Bachelor
in Paradise! How have I never seen this show before? I've been watching it this
season because I'm single now and when I go out, it’s only to buy cat food and
bird seed, so my evenings are relatively free for new TV shows.
The
show’s premise is this: Some decent looking twenty-somethings from past seasons
of The Bachelor/Bachelorette who learned zero relationship lessons on those
shows get drunk daily on a Mexican beach together. Every day or two a new
person joins them so there is never an even ratio of men to women. If the new guy
or girl is cuter than the guy or girl they just spent the day before with, they
are suddenly in a new relationship. It's like the whole of your twenties dating
life condensed into three weeks.
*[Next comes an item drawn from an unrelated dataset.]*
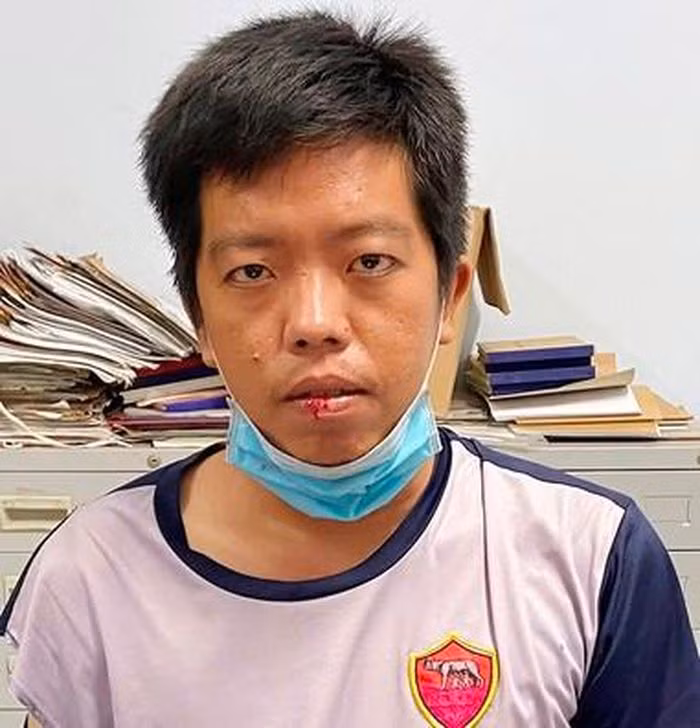 Tin nong 22/7: Khong rut duoc tien, thanh nien dap pha 2 may ATM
I have to say, being 50 never felt so good.
Of
course, this being a Bachelor franchise, there are rose ceremonies hosted by
Chris Harrison. This is where paradise turns into hell for the ones who haven’t
made a “connection” (i.e., they’re not as good looking as the person who just arrived). They are publicly told that no one wants them, and they are forced
to leave Mexico immediately. You have to wonder how many women’s nightmares
Chris Harrison shows up in.
The
ones who are lucky enough to have found their soulmate based on the sheer fact
that filming is coming to an end, get the delight of spending their last night
in the fantasy suite. This is the show’s way of announcing that the couples will
be having sex, which adds to the humiliation of the ones who get broken up with
the next day. Because the final day is when they either break up or they get engaged. Because that's what the natural
next step is, right? Nineteen days of making out on the beach and then a
proposal or else we’re done. As one of the women put it, “If we don’t get
engaged, we’re probably not going to make it.” Huh?
The
epiphanies continued the morning after the fantasy suite. One of the guys
decided after getting matching
tattoos of their combined names that maybe they should think things through a
bit more. One woman said, “It was great having breakfast in bed together and
finally being a normal couple.” Breakfast in bed is not a normal couple
activity. Eating dry cereal for breakfast because the last of the milk is
souring in his cereal bowl from the night before is more like it.
Nonetheless,
with Neil Lane handing out free diamond rings, three of the six couples got
engaged. With such a solid foundation, I am certain they will make it to the
alter and live happily ever after. The update confirmed it. After two whole
months, all three were still going strong. As one of the guys said before he
proposed, “I thought I knew what true love was in the past. But I didn’t. This
is true love.” It’s kind of like what
I say every time I start a new diet. “I thought the ones in the past would work
out. But they didn’t. This one’s for real.”
There
was one guy who just couldn’t commit to the woman who declared her love for
him. He had to break it off because he feels “too damaged to love anyone.” So
what happened to him? They announced that he’s going to be the next Bachelor,
of course! Why break just one woman’s heart when 28 more have signed up?